If you’re not familiar with Cat-Cow Pose, you are definitely missing out. Not only is this pose wonderful for bringing awareness to the spine, but it also helps with stretching and strengthening the back, developing coordination of spinal movement and keeping the spine flexible. Cat-Cow Pose is a regular in my yoga classes. Whether you are new to yoga or an advanced practitioner, once you’ve tried it, you can never get enough of this pose.
Keys to Good Posture
The basis for good posture is maintaining a “neutral spine.” A neutral spine retains three natural curves: a small hollow at the base of the neck, a small roundness at the middle back, and a small hollow in the low back. A neutral spine is neither rounded forward nor arched back too much.
We are a slouching culture; hunched backs, forward-rolled shoulders and protruding bellies. Bad posture is a growing epidemic in our society, as many people spend long hours sitting behind a desk every day. It is estimated that four out of five Canadians will experience back pain at some point in their lives, and it is the top reason for missing work.
Research also suggests that many spine problems are preventable because they result from poor posture and body mechanics, which subject the spine to abnormal stresses. Slouching creates poor posture, which results in imbalances in muscle structures.
How Can Yoga Help?
When we do Cat-Cow Pose, we can begin to improve our posture. As we get onto our hands and our knees, we position our shoulders over our hands, and our hips over our knees. By becoming supported and centered, this allows us to establish spinal alignment and develop postural balance.

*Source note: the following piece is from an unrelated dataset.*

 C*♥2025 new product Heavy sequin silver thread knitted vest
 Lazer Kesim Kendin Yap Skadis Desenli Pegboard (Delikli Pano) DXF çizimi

Cat-Cow Pose also allows us to feel every part of our spine as we move from Cat to Cow, strengthening and stretching each vertebrae. This pose also strengthens the core by engaging the abdomen and back, stretches our hips and increases coordination.

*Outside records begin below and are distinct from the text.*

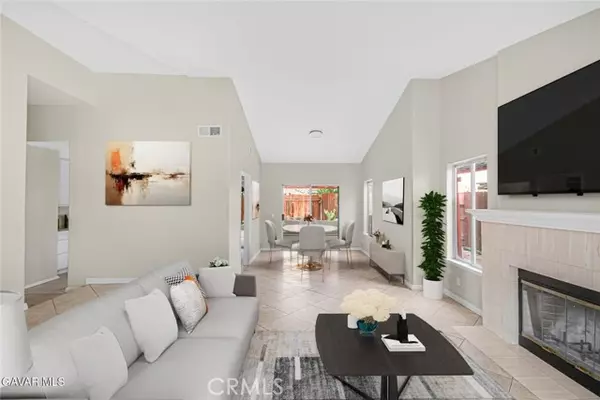 Palmdale, CA 93552,5711 Barcelona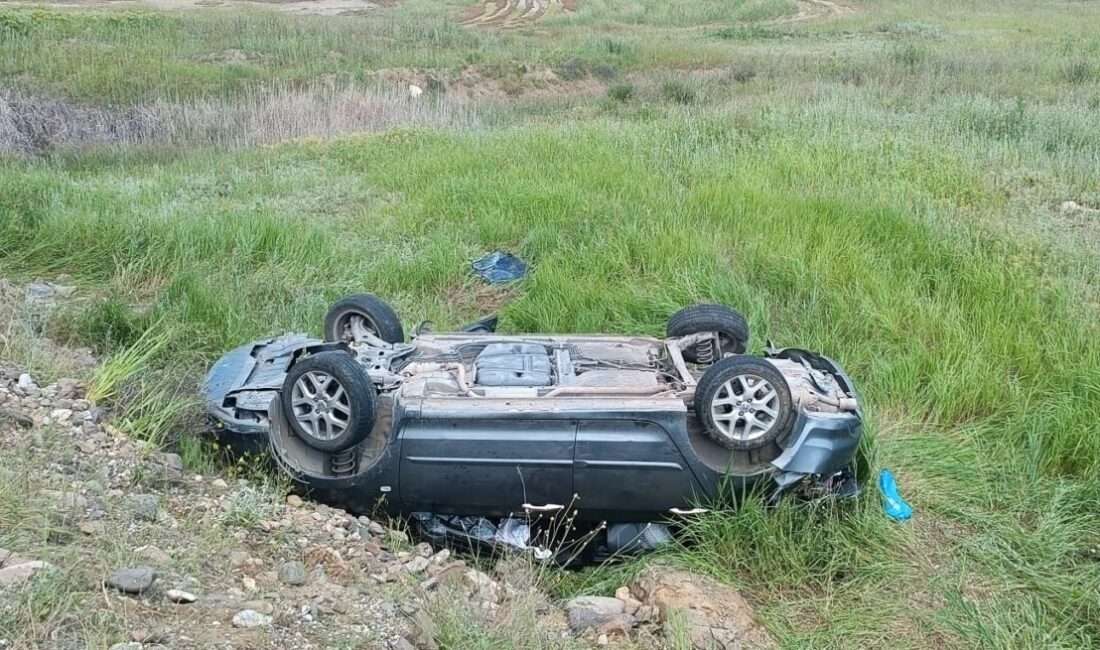 ÇORUM (AA) – Çorum'un İskilip ilçesinde otomobilin şarampole devrilmesi sonucu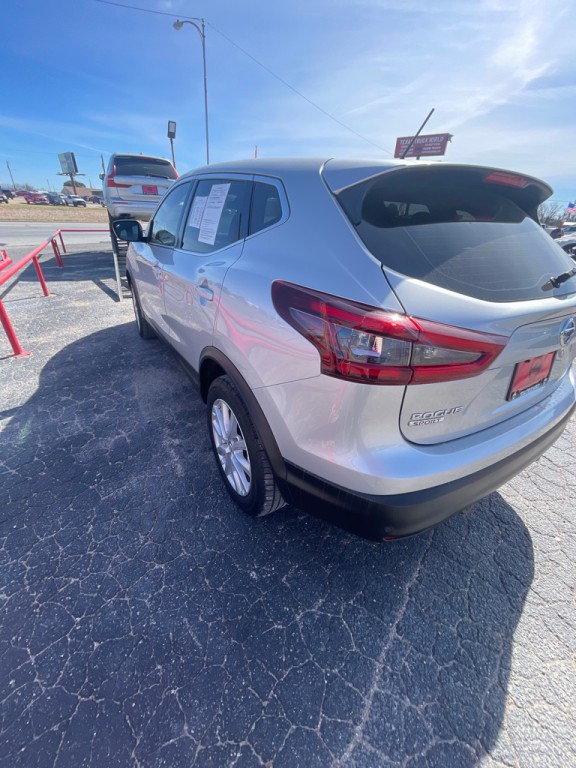 2022 Nissan Rogue Image 4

Other therapeutic benefits of Cat-Cow Pose include massaging and stimulating kidneys and adrenal glands, creating emotional balance, relieving stress, and calming the mind.
(See photo above)
1. Come on to all fours and bring your shoulders over your hands and hips over your knees (coming into Table Pose).
2. Make sure your wrists are in line with the front of your mat.

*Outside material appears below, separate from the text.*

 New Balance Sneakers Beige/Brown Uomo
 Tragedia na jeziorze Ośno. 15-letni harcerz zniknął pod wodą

3. Start in Table Pose with your neck long, stabilize your shoulder blades by drawing them down your back.
4. Inhale and move into Cow Pose, send your sitting bones high, arch your back, press your chest forward, roll your shoulders away from your ears, keep neck long and gaze forward.
5. As you exhale, tuck your tailbone under, drawing your pubic bone forward, round your back, and send your upper back towards the ceiling.
7. Try to keep an even distribution of weight between hands and knees.
8. Continue for another 20 breaths.
(*Please note: People with neck injuries should be sure to keep the head in line with the torso.)